The Companies Ordinance (S. 205) effectively allows companies
to be continued into TCI as exempted companies providing the
laws of the jurisdiction of incorporation are reciprocal (most
countries). Companies continued into the jurisdiction are
treated as though they had been incorporated under the laws of
TCI when continued. It should be noted that this does not have
the effect of creating a new legal entity.
Why Continue a Company into TCI?
Companies (both public and private) carrying
on with international business (not including TCI) should
consider whether the following features of TCI exempted
companies would be beneficial to their businesses:
Automatic exemption from any direct taxation
in the form of income, capital gains, dividends, inheritance or
gift tax in TCI for 20 years from the date of its incorporation.

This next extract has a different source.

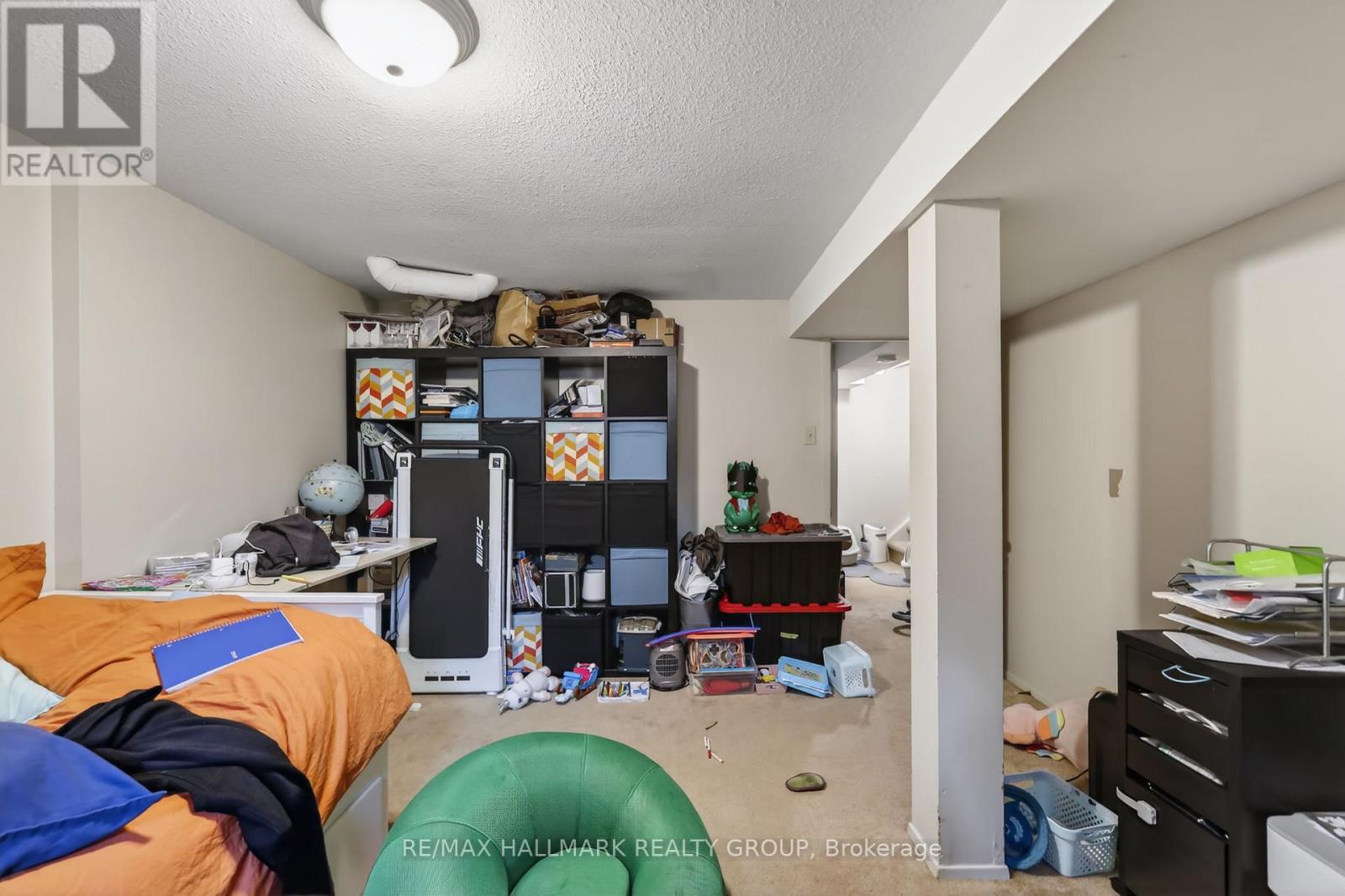 52 THISTLEDOWN COURT - 24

Meaning that TCI taxation will not have to be considered after
continuation for as long as the exemption lasts allowing
management to concentrate on more important issues;
TCI companies are not required to have their
mind and management resident in TCI. This makes TCI attractive
for companies with operations in different jurisdictions (e.g.
software companies; oil and gas exploration companies; etc.)
which require the oversight of the directors - allowing such
companies to select the most qualified persons as directors
irrespective of their place of residence;
In jurisdictions with tax systems based on
residency continuing a company into TCI will often have the
effect of making the company non-resident for tax purposes which
may in some instances result in favorable tax treatment;
Requirements such as where, when and how a
company must call and hold its annual general meetings and
extraordinary general meetings are not fixed by statute and are
a matter for internal regulation (typically set out in the
articles of association). Contrary requirements imposed by the
legislation of many jurisdictions relating matters such as
notice, quorums, which types of decisions require special
resolutions, etc. can involve companies in inordinate expense
over time, which can be avoided by making the company subject to
the laws of the TCI.
The articles of association of TCI companies
may allow for the staggered appointment of directors
Many high tax (and regulatory) jurisdictions
have some form of corporate emigration rules which apply to
companies moving their operations to another jurisdictional base
such as TCI.
[An example of this would be Canada, where a company being
continued to TCI would in the ordinary course be deemed to have
had a taxation year ended immediately prior to being continued
and each asset would be deemed to have been disposed of by it
for proceeds of disposition equal to that property's fair market
value - any gains or losses in this respect would be taken into
account when determining the taxable income for the fiscal
period ending immediately prior to continuation and would be
subject to tax in the ordinary way.]
Companies anticipating that the market value of certain of their
assets will appreciate in value dramatically should consult
their resident tax advisers in advance to establish whether they
could benefit by continuing the company into TCI before such
appreciation in value occurs.
From a share holder's perspective a continuation of a company
into TCI should not constitute a taxable event where properly
structured meaning that shareholders will continue to hold their
shares at the same cost adjusted base as before the continuance.
However, dividends paid to members/shareholders in high tax
jurisdictions after continuance to TCI may no longer attract
dividend tax credits (or deductions in the case of corporate
members). The situation would also have to be considered from
the perspective of shareholders tax-advantaged retirement
Corporation Services in conjunction with its
associated law offices have advised and assisted in relation to
the continuation of both public and private companies into (and
out of) TCI, are conversant with many of the considerations that
arise and are well placed to work with clients' on-shore legal
and tax advisers to ensure that objectives are met.
Companies to do Business in TCI
Foreign Companies wishing to do business in TCI and not
wishing to set up a subsidiary for the purpose, are required
by the Companies Ordinance to apply to the Registrar of
Companies in TCI to be registered as a foreign company and
maintain a registered office within the jurisdiction for the
purpose. Such companies are not in the ordinary course
permitted to hold land, but can lease properties and hold
registerable charges/mortgages over properties in the islands.
We will be happy to assist and advise in this respect.
Such companies will also have to obtain a Business License in
the appropriate category, will need to consider immigration
requirements for non-Belonger employees/management and their
status and obligations as employers under the National
Insurance Ordinance and subsidiary regulations.